Records to process:
· · ·

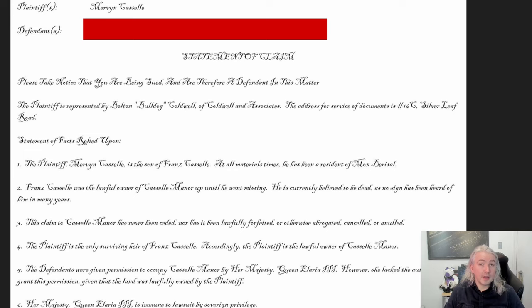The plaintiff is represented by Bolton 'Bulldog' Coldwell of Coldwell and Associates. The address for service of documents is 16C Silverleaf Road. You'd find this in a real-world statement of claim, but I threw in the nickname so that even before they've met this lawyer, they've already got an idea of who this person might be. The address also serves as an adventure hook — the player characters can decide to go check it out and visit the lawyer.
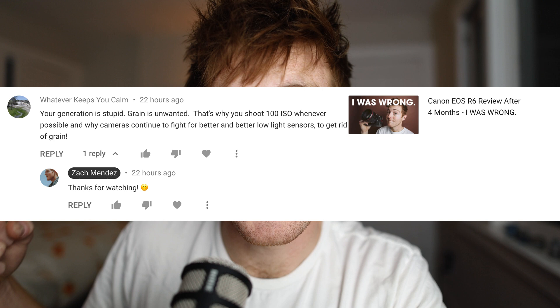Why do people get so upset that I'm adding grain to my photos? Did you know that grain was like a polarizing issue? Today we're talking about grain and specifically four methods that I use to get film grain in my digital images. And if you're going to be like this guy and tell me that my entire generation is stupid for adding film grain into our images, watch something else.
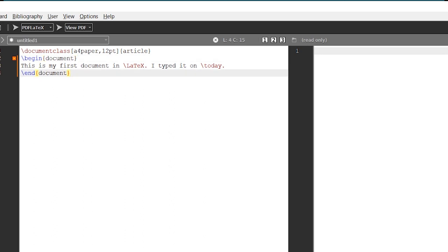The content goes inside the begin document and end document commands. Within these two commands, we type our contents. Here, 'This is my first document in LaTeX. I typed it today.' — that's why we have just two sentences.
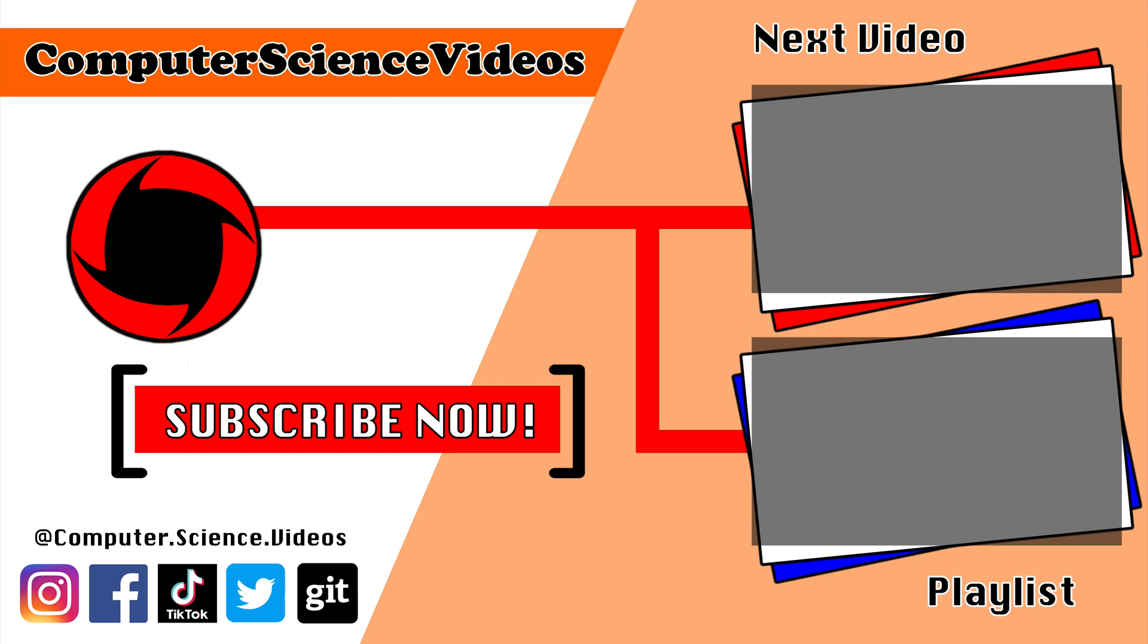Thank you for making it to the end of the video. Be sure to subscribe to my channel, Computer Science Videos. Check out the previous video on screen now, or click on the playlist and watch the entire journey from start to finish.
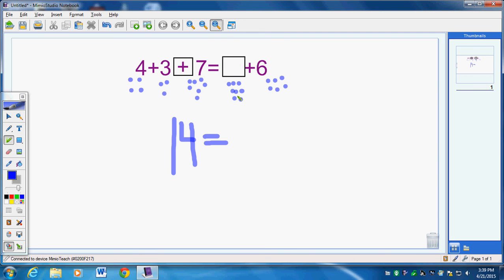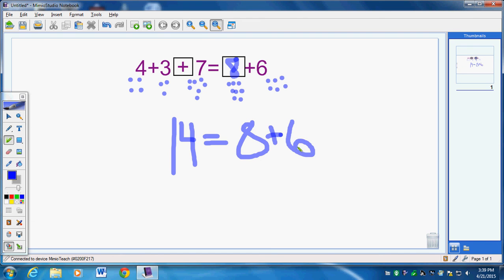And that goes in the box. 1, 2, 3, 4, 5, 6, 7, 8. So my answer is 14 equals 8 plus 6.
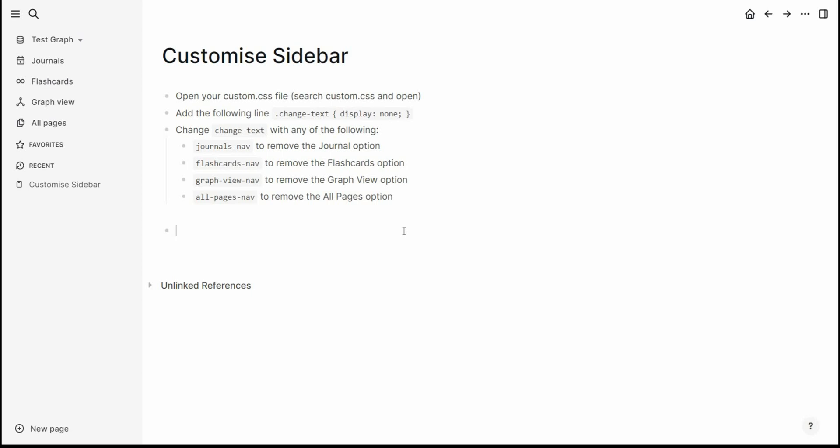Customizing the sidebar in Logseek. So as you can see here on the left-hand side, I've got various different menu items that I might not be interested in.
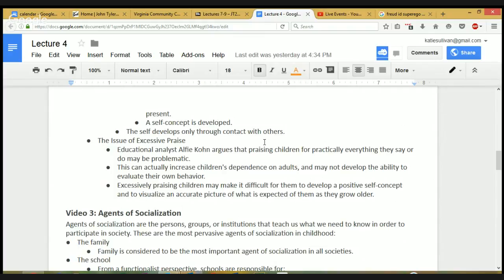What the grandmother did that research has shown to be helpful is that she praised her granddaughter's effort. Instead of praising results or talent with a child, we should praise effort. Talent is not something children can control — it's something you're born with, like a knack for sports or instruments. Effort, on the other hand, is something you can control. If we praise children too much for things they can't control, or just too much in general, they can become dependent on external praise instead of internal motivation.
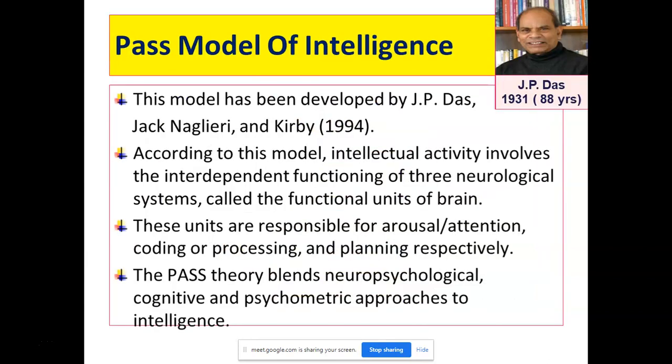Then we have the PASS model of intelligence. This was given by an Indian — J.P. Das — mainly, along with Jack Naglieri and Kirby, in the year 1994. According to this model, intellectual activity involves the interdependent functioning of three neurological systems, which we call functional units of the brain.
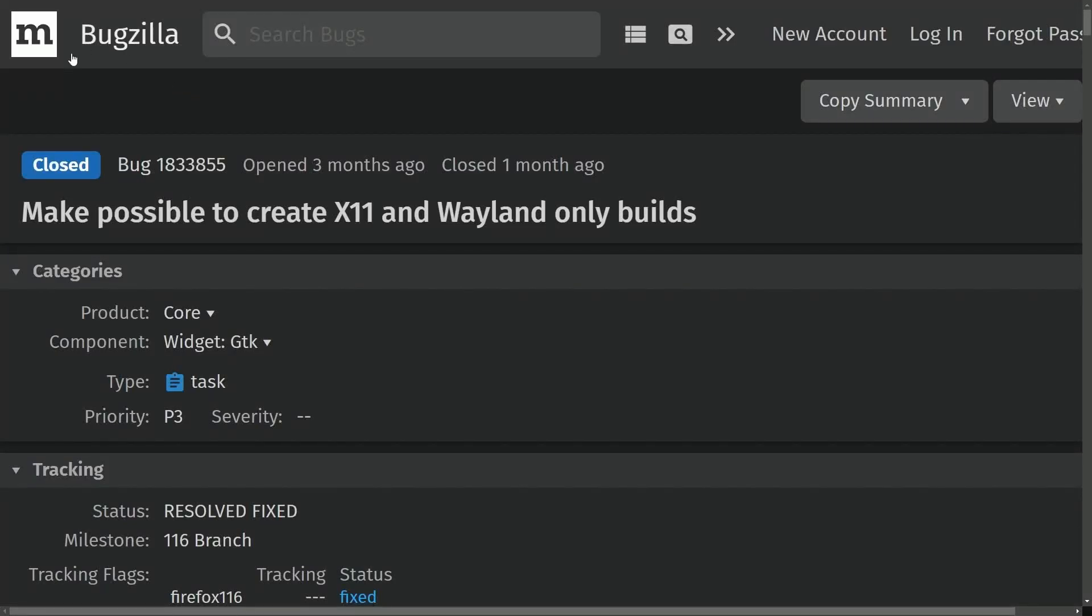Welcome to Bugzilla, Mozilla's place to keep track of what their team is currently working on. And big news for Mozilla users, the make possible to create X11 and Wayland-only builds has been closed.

· · ·

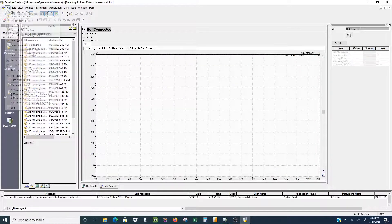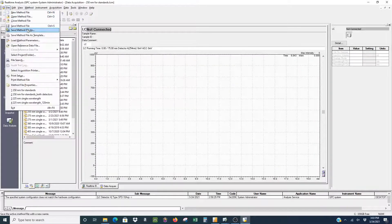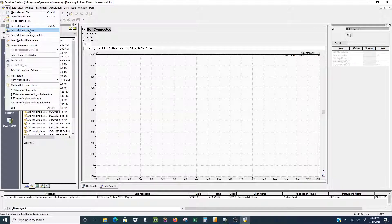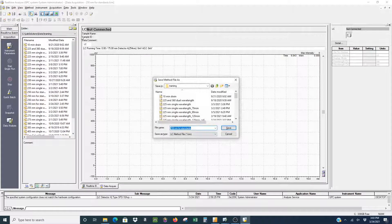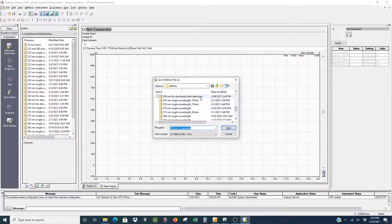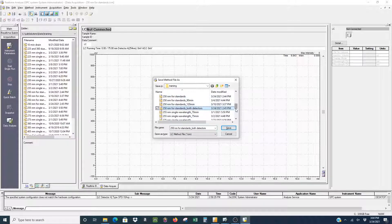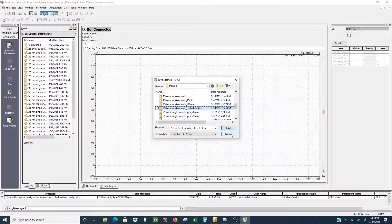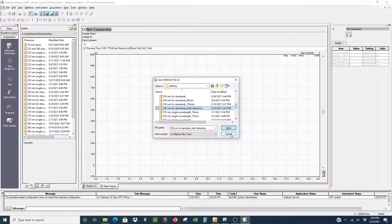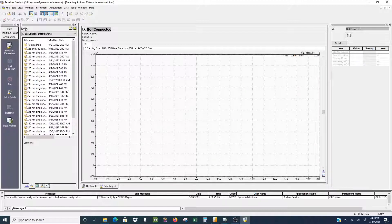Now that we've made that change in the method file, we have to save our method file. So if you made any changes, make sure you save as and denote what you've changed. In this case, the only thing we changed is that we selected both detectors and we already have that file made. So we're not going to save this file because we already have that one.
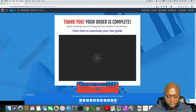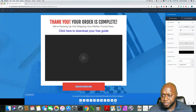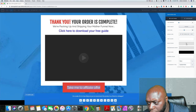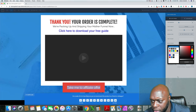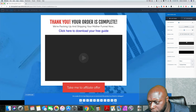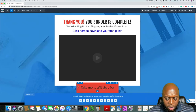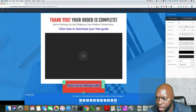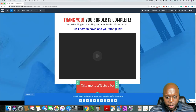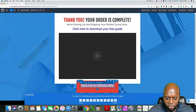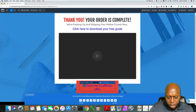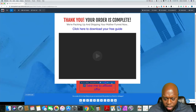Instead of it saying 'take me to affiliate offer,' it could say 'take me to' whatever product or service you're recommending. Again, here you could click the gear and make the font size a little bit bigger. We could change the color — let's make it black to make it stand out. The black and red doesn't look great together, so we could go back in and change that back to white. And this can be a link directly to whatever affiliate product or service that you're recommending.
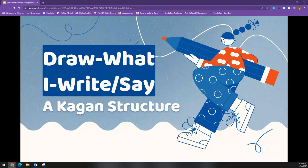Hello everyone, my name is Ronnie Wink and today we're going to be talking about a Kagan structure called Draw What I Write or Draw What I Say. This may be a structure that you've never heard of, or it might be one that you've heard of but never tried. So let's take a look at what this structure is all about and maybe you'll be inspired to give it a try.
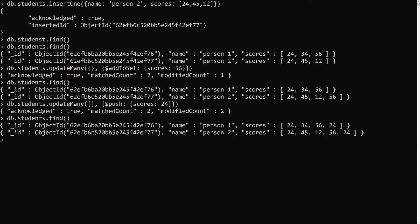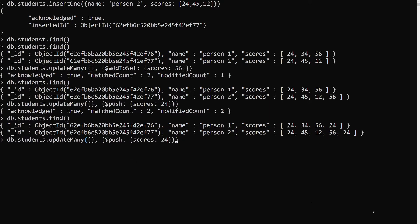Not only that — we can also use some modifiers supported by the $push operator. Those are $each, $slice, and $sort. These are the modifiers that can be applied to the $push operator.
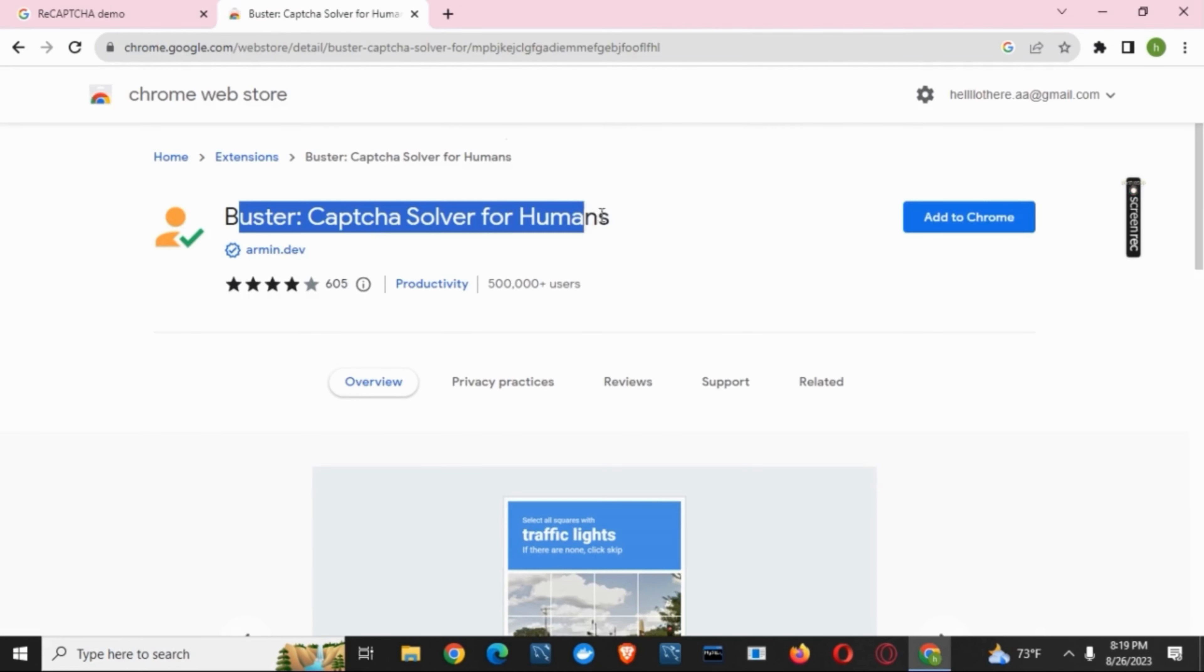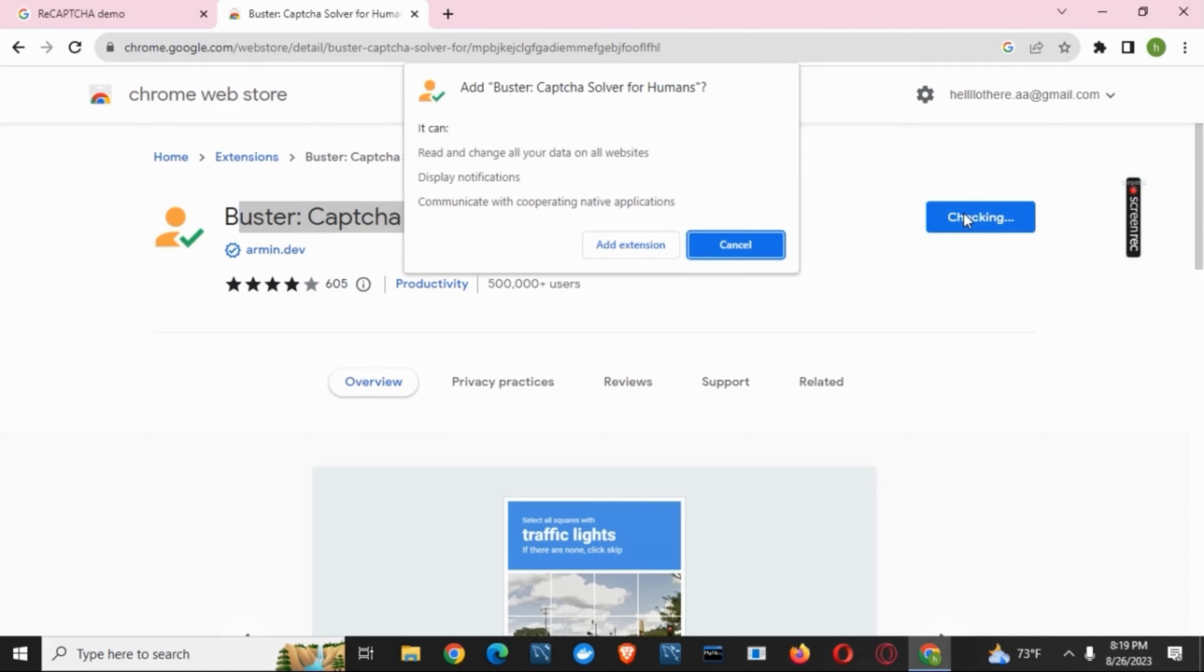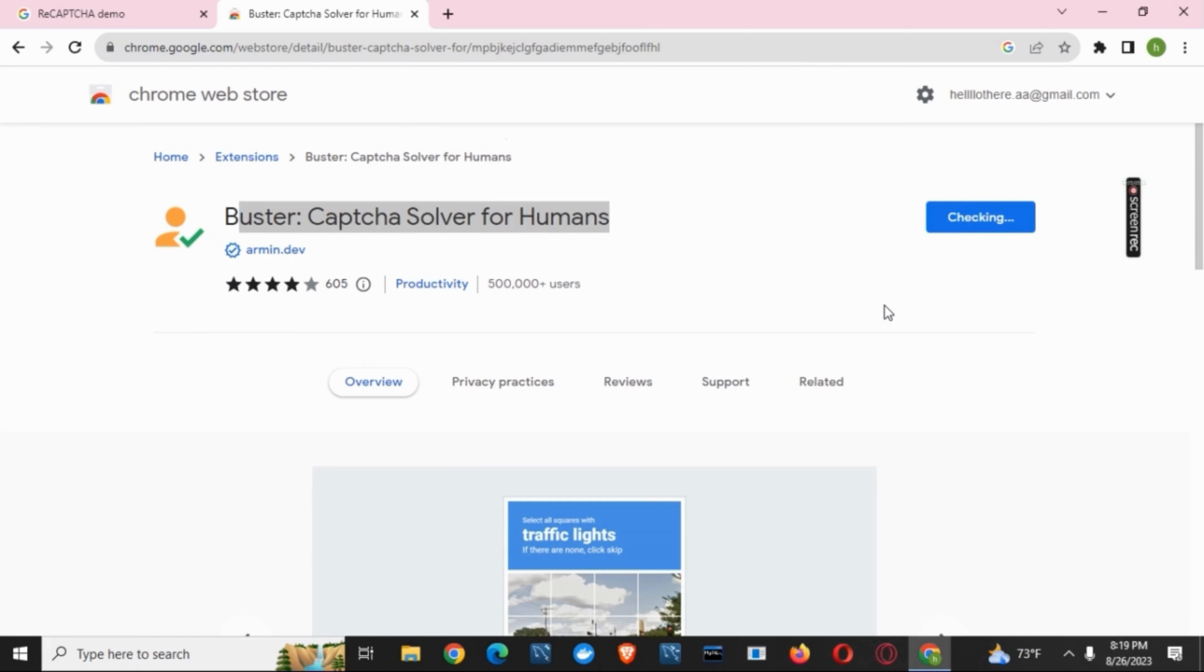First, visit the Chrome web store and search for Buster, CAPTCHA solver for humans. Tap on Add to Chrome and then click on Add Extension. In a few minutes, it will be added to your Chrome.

· · ·

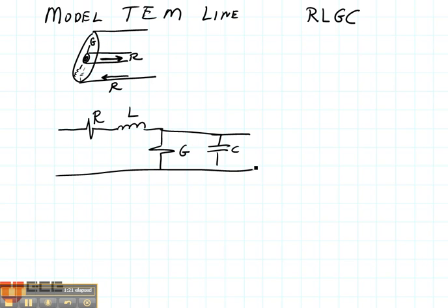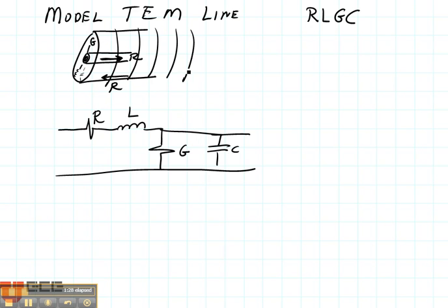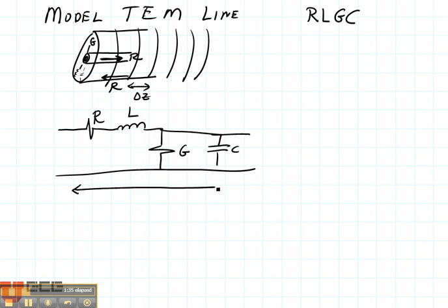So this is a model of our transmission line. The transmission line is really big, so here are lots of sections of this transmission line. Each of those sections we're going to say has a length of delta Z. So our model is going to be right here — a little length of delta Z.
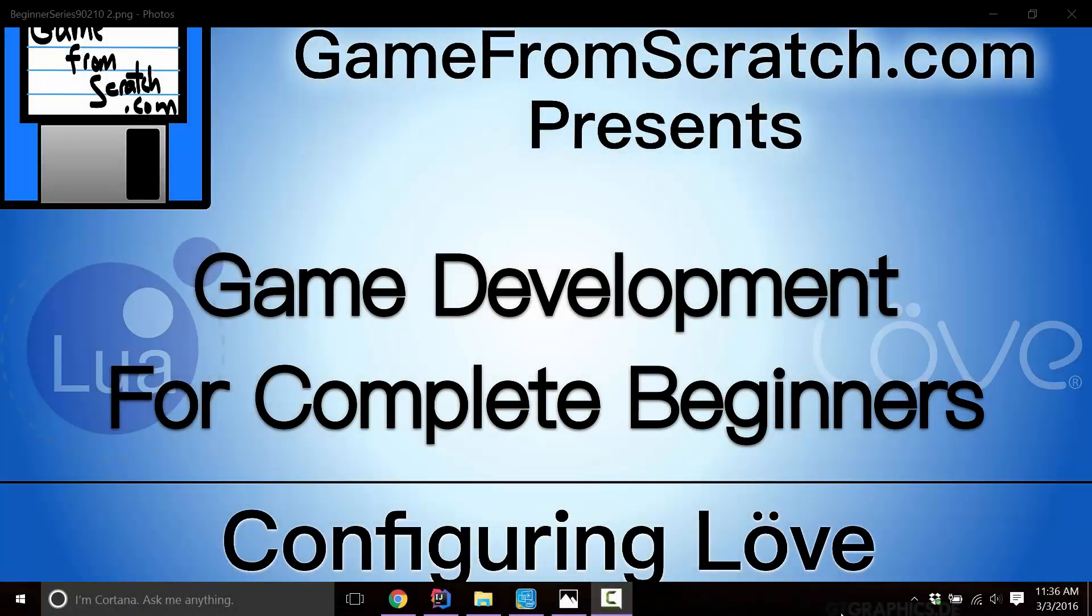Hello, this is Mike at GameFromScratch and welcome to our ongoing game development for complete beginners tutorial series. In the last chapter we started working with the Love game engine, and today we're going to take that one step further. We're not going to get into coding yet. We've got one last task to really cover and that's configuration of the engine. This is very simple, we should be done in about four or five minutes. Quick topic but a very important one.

· · ·

The answer is the lines above from the one with "The plaintiff is" to the one with "Why do people", set down exactly, with no pictures.

The plaintiff is represented by Bolton 'Bulldog' Coldwell of Coldwell and Associates. The address for service of documents is 16C Silverleaf Road. You'd find this in a real-world statement of claim, but I threw in the nickname so that even before they've met this lawyer, they've already got an idea of who this person might be. The address also serves as an adventure hook — the player characters can decide to go check it out and visit the lawyer.
Why do people get so upset that I'm adding grain to my photos? Did you know that grain was like a polarizing issue? Today we're talking about grain and specifically four methods that I use to get film grain in my digital images. And if you're going to be like this guy and tell me that my entire generation is stupid for adding film grain into our images, watch something else.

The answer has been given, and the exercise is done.